Enlightenment Movement graveyard, where hundreds of Hazara students who were killed in a series of targeted attacks, are buried.

The day that Ghulam Ali took Hajar and Marzieh’s corpses, forty bodies were buried on the hilltop. Many of the corpses were sent back to the provinces where the victims were from.

A large crowd gathers on the hill, where they have dug forty graves to bury some of the best and brightest Hazaras. An old man among the crowd whispers, “Others bury their old, but us Hazaras, we bury our future!”

The day after Hajar and Marzieh are buried, Sara and Parvaneh, Hajar’s sisters, go inside Hajar’s room to hide her books away from their parents. Dozens of books and notebooks are neatly arranged in the corner of Hajar’s small room. Her sisters had never paid attention to the books that Hajar was reading. They find motivational books and novels by the American self-help guru Rachel Hollis and the Turkish-British novelist and writer Elif Shafak. 

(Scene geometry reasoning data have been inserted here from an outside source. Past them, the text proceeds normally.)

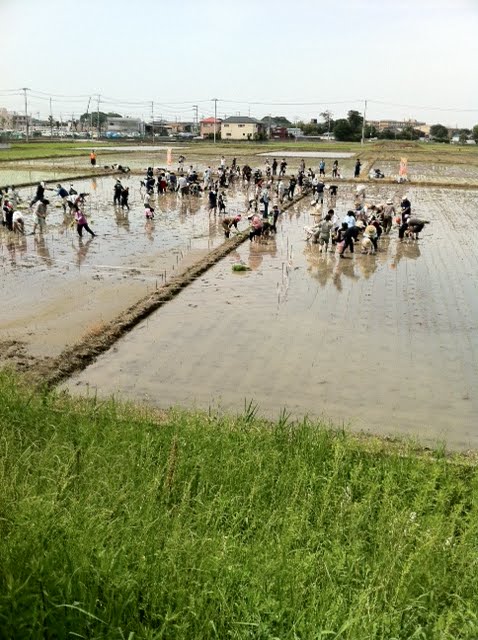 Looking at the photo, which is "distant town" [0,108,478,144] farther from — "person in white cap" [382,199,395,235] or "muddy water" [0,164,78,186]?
"person in white cap" [382,199,395,235]

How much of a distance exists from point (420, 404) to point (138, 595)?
5.13 meters

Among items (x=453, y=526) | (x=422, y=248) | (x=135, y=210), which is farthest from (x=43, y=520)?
(x=135, y=210)

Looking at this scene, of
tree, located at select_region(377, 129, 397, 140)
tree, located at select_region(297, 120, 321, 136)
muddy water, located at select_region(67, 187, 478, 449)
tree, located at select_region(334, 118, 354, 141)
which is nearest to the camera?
muddy water, located at select_region(67, 187, 478, 449)

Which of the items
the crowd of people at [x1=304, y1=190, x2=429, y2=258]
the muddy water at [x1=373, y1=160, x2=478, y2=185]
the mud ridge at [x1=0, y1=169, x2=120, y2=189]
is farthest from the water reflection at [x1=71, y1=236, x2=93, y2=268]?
the muddy water at [x1=373, y1=160, x2=478, y2=185]

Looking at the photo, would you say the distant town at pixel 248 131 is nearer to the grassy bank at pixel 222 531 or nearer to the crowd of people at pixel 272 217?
the crowd of people at pixel 272 217

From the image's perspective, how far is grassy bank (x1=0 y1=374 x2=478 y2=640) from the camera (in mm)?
3725

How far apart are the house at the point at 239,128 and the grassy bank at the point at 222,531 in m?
92.2

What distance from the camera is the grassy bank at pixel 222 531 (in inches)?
147

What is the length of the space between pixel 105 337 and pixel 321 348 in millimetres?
3447

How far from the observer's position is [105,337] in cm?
988

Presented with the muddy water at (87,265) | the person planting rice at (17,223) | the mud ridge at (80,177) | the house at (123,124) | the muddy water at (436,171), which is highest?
the house at (123,124)

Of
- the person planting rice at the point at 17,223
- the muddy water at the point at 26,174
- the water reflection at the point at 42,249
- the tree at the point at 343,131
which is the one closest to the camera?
the water reflection at the point at 42,249

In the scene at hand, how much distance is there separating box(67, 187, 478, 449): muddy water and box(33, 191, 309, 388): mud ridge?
21cm

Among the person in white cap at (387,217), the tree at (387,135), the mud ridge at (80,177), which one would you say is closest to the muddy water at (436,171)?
the mud ridge at (80,177) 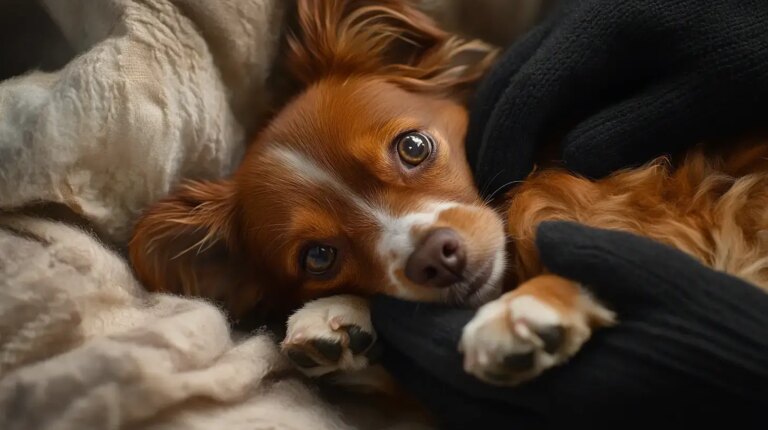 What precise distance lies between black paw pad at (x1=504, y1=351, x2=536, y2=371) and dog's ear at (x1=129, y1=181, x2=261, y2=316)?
2.58 ft

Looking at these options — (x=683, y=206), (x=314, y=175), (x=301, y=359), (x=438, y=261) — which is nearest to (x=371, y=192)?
(x=314, y=175)

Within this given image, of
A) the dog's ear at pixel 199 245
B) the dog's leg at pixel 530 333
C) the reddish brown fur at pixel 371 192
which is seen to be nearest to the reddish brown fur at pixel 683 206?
the reddish brown fur at pixel 371 192

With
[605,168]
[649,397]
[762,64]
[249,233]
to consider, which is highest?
[762,64]

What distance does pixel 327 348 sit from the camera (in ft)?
4.62

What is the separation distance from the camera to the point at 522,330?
1115 millimetres

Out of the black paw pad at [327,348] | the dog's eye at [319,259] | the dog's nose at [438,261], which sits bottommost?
the black paw pad at [327,348]

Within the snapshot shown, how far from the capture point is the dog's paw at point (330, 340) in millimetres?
1414

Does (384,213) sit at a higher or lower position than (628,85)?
lower

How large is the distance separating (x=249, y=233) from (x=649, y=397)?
96 centimetres

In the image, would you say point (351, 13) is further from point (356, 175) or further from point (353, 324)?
point (353, 324)

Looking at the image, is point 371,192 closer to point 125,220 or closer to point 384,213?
point 384,213

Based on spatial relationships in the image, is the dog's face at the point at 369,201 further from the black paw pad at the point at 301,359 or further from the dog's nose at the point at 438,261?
the black paw pad at the point at 301,359

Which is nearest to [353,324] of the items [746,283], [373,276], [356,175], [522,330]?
[373,276]

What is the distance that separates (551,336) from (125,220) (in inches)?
37.8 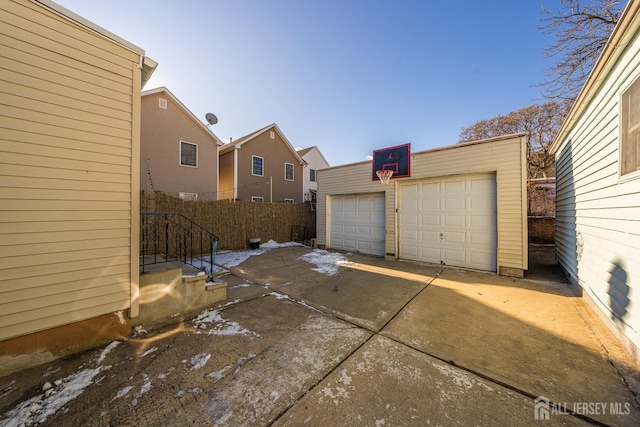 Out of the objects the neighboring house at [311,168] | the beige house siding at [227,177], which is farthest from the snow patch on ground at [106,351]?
the neighboring house at [311,168]

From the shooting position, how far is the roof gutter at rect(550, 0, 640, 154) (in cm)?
246

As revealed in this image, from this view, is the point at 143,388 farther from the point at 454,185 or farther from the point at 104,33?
the point at 454,185

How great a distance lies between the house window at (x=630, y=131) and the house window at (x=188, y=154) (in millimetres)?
14263

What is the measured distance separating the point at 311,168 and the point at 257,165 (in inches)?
298

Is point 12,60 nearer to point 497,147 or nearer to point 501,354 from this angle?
point 501,354

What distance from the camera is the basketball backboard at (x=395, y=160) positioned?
23.6ft

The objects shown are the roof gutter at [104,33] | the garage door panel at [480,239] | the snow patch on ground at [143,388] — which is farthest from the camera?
the garage door panel at [480,239]

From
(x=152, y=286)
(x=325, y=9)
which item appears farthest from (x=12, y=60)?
(x=325, y=9)

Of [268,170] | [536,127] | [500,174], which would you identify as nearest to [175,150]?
[268,170]

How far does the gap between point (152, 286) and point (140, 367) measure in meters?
1.22

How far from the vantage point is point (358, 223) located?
8805 mm

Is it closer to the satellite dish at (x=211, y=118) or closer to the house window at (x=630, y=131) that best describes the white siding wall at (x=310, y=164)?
the satellite dish at (x=211, y=118)

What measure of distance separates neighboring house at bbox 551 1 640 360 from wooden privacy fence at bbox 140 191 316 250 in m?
9.77

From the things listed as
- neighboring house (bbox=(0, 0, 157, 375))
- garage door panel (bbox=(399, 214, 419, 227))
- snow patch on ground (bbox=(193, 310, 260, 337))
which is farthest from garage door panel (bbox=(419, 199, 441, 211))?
neighboring house (bbox=(0, 0, 157, 375)) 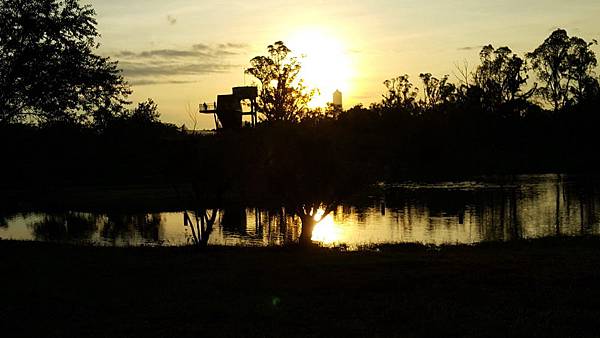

Among the books, they find Hajar’s diaries, where she has jotted down her favorite music band, her dream house, and all the places she wishes to visit in the future.

Hajar and Marzieh’s favorite books, which they used to share with each other since they couldn’t afford to buy books themselves. 

In one of the entries, Hajar writes of studying intermediate English and receiving excellent grades in other subjects at her school, all so that she can study architecture in the United States. She also writes of her dreams of visiting South Korea and meeting her favorite authors, Elif Shafak and Rachel Hollis–and on several occasions, she wishes to thank Rachel Hollis in person for motivating her to pursue her passions. 

The books Hajar and Marzieh had read from their favorite writers were placed on their tombs. 

But Hajar’s dairies are not all about her inspiring dreams and goals. She also writes of bitter experiences–detailing the suffocating conditions of her life under the violently strict and religiously extremist rule of the Taliban–to the challenges of being a young woman in Afghanistan and how she fears continuing her education. 

A page from Hajar’s diary dated November 19th, 2021, in which she  includes her living goals: studying architecture in the United States, learning English, writing novels, and having a black guitar with golden strings, meeting Elif Shafak and Rachel Hollis, visiting Paris and South Korea, wearing her beautiful dress

In one text entry found on her phone, she articulates her experiences beautifully, 

“We are alive but don’t know how our days and nights pass. There is no end to our suffering.  Everyone has forgotten their way of living in this city. We all [probably] once knew how to live, but not anymore!

Do you know what living in a cage looks like? Maybe you have never lived in one. But those stuck here [in Afghanistan] know that life inside the cage is a gradual death. Every moment is death. 

We girls of this land are like caged pigeons. Our freedom has been taken away to the extent that others now determine how we should dress. Others choose our field of study. Others determine even our fate. Is there anything else that we can decide for ourselves? No, none left for us. They consider themselves the world’s supreme creature, while their level is lower than the ignorant. Yes, this is life in a cage.”